(Aim of the task): Your task is to transcribe each record exactly and to omit every image.

Records from a collection:
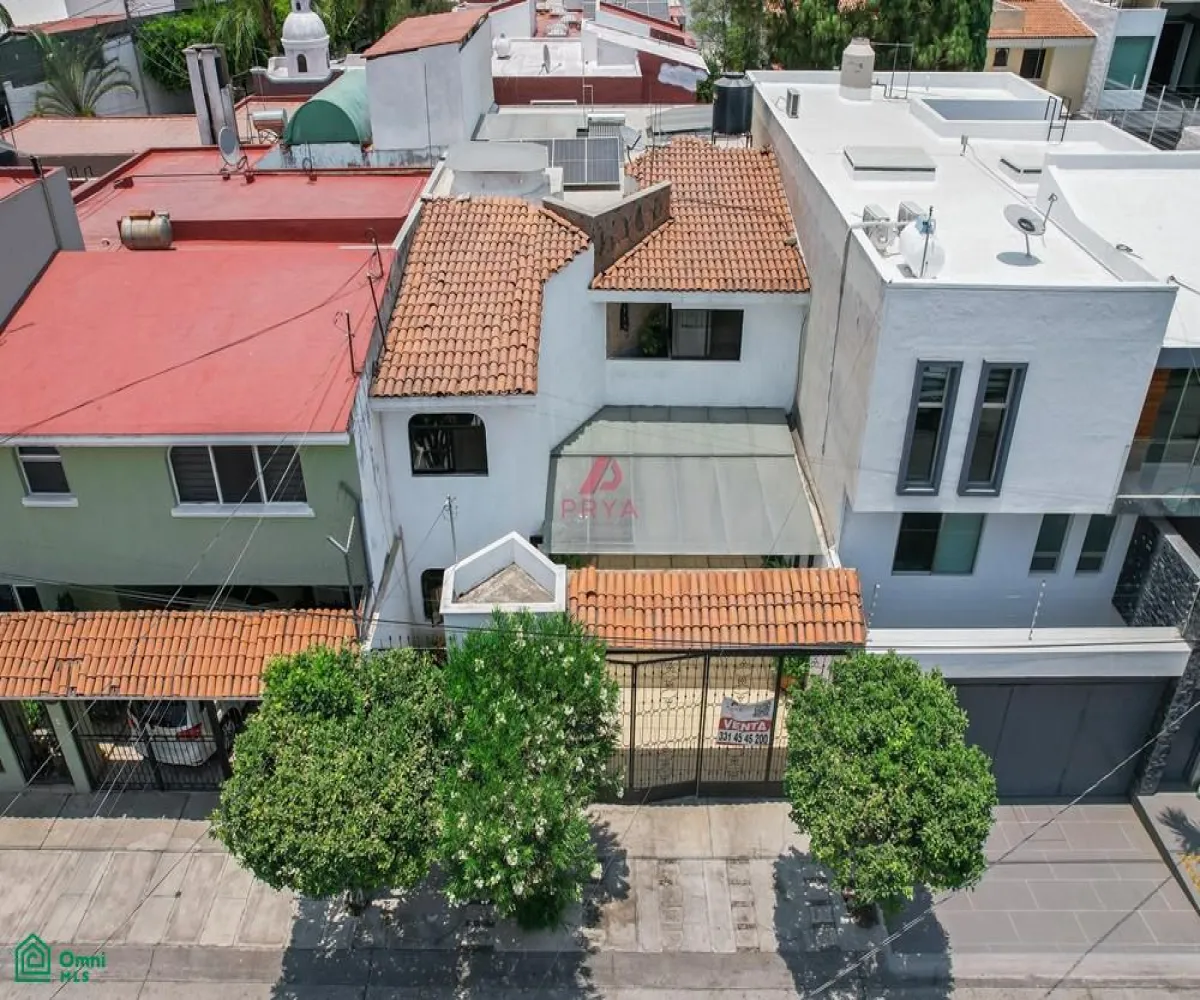 Casa En Venta,Lomas Del Seminario,Federico Chopin 4944, Zapopan, Jalisco 45038, 5 Habitaciones,2 Baños,Federico Chopin,MX24613310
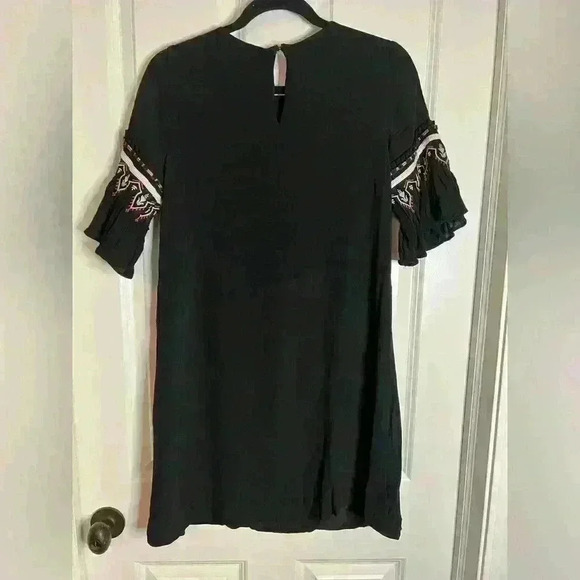 Loft Dress - Picture 6 of 7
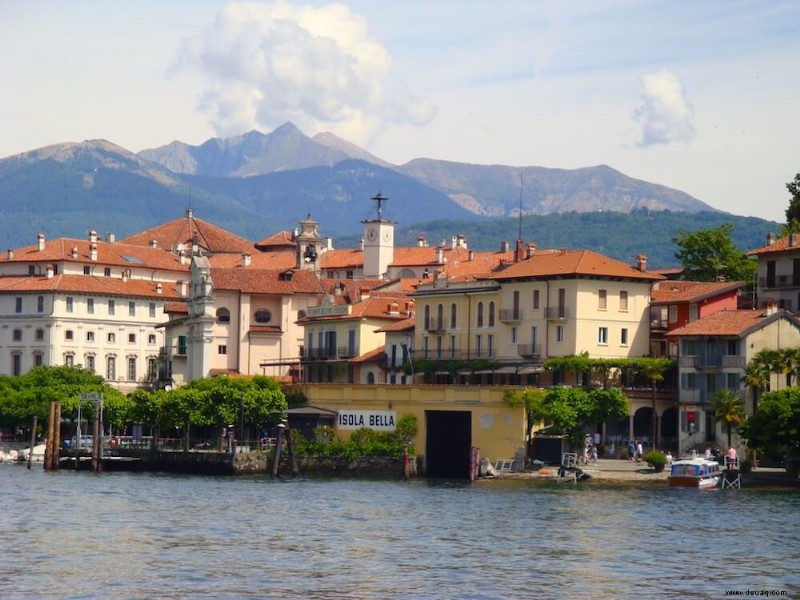 Lago Maggiore:Siehe Stresa und die Borromäischen Inseln 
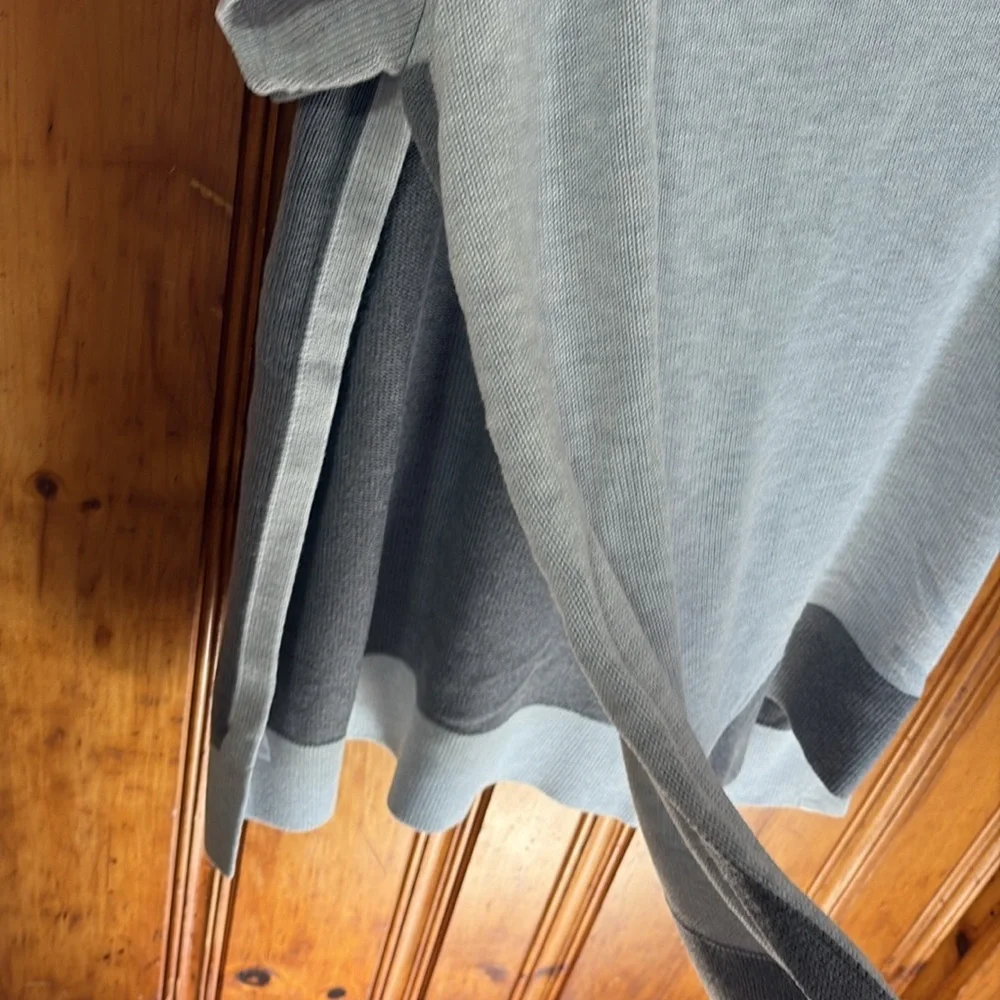 Lululemon Opened Up Poncho- Heathered Core Ultra Light & Heathered Asphalt Grey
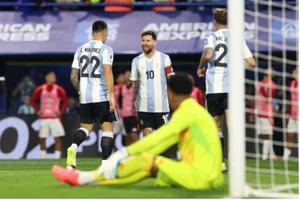 Messi kiến tạo cho Lautaro lập siêu phẩm, Argentina thắng nhẹ Peru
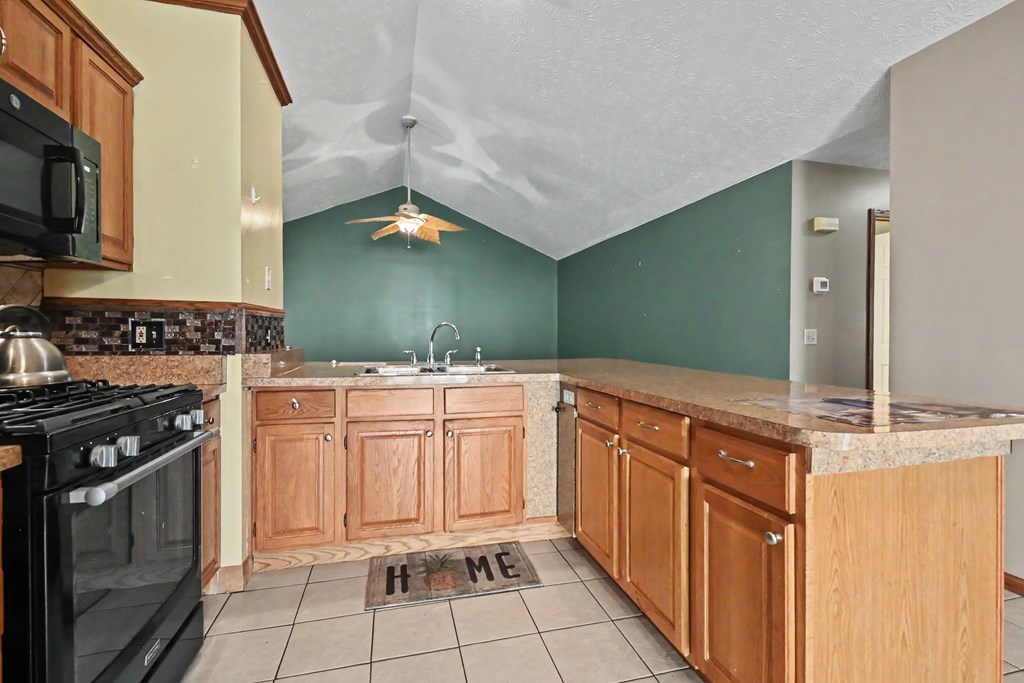 7 Justin Drive, Norwalk, Ohio 44857, 3 Bedrooms Bedrooms, ,2 BathroomsBathrooms,Residential,For Sale,Justin Drive,9073516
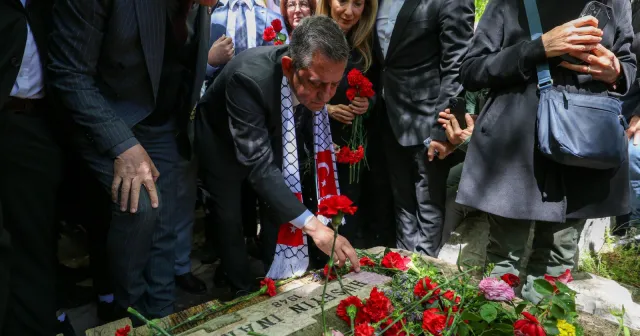 Özgür Özel, Ankara'da üç fidan anmasına katıldı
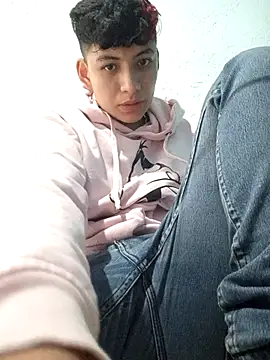 Owen tomboy online show from 19, 11, 2025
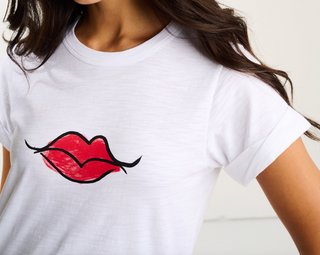 Lisa Todd | Kiss and Make up tee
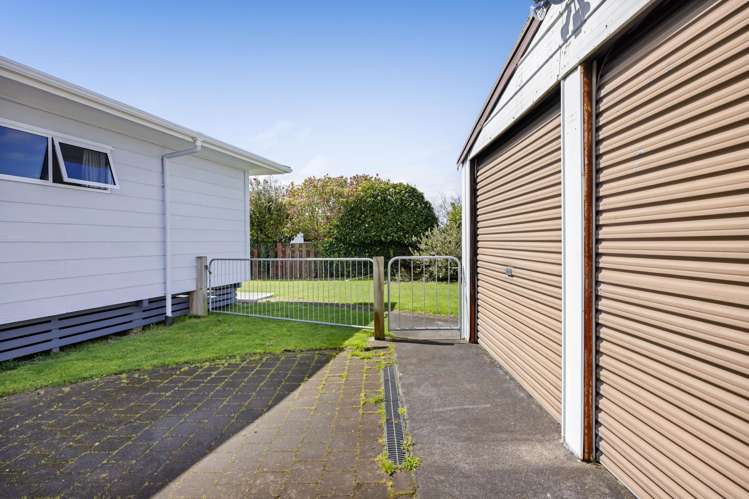 6 Camellia Avenue Bell Block_21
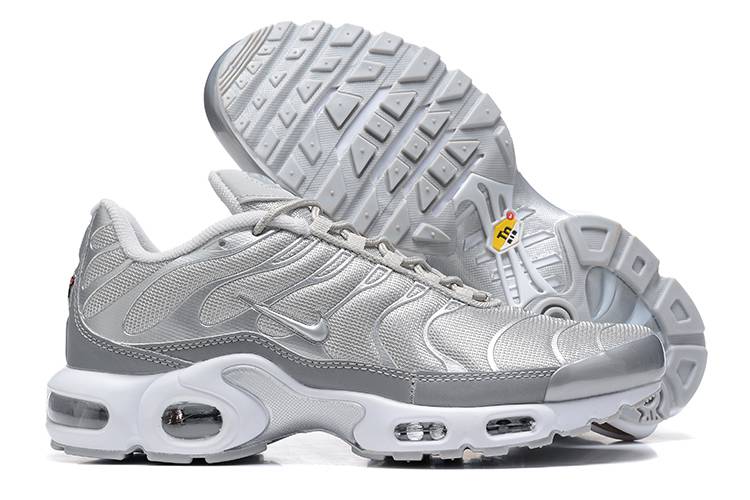 nike tn noir pas cher,nike requin ou tn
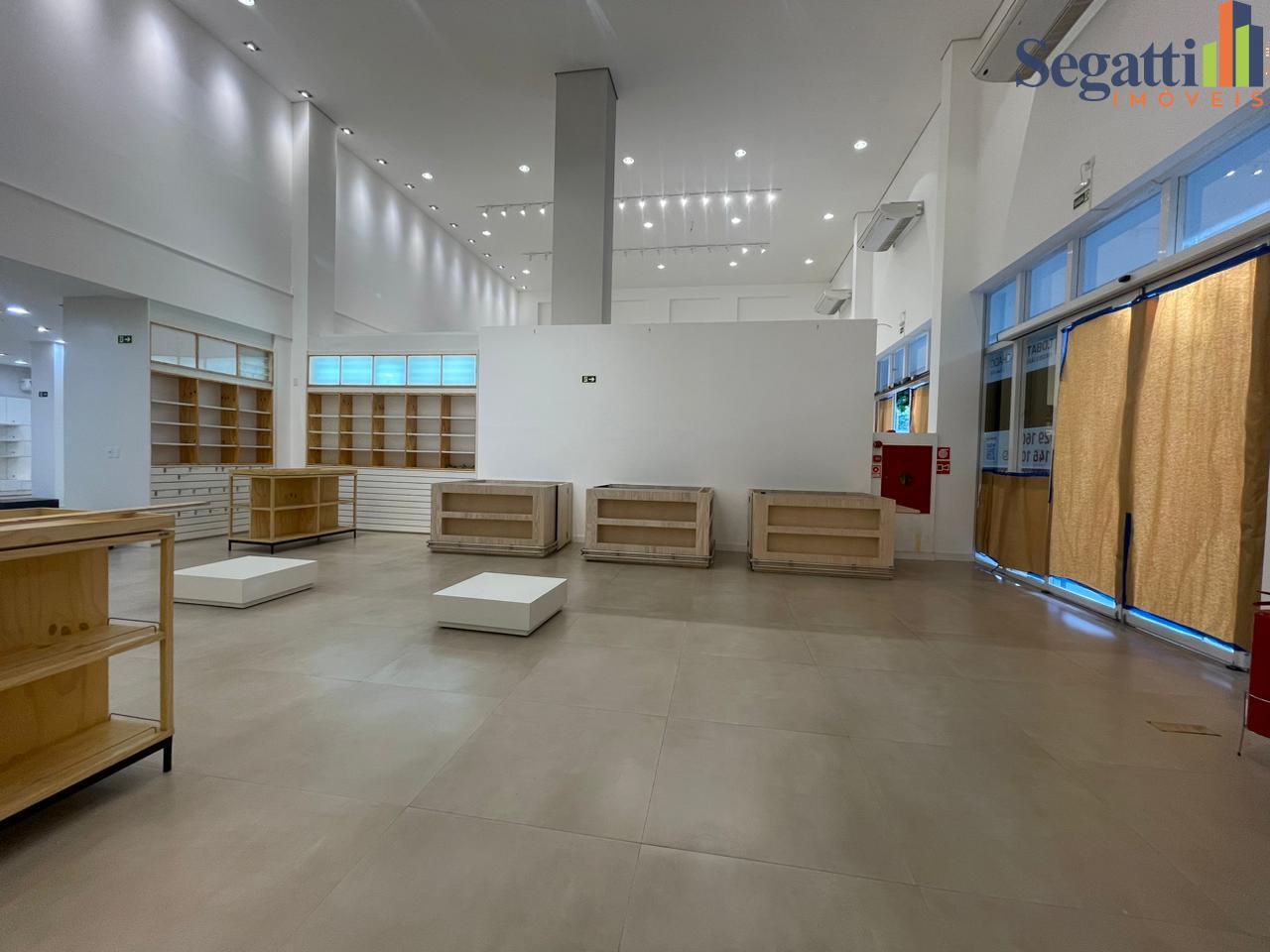 SALA COMERCIAL TÉRREA NA AVENIDA BRASIL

(Output):
 Casa En Venta,Lomas Del Seminario,Federico Chopin 4944, Zapopan, Jalisco 45038, 5 Habitaciones,2 Baños,Federico Chopin,MX24613310
 Loft Dress - Picture 6 of 7
 Lago Maggiore:Siehe Stresa und die Borromäischen Inseln 
 Lululemon Opened Up Poncho- Heathered Core Ultra Light & Heathered Asphalt Grey
 Messi kiến tạo cho Lautaro lập siêu phẩm, Argentina thắng nhẹ Peru
 7 Justin Drive, Norwalk, Ohio 44857, 3 Bedrooms Bedrooms, ,2 BathroomsBathrooms,Residential,For Sale,Justin Drive,9073516
 Özgür Özel, Ankara'da üç fidan anmasına katıldı
 Owen tomboy online show from 19, 11, 2025
 Lisa Todd | Kiss and Make up tee
 6 Camellia Avenue Bell Block_21
 nike tn noir pas cher,nike requin ou tn
 SALA COMERCIAL TÉRREA NA AVENIDA BRASIL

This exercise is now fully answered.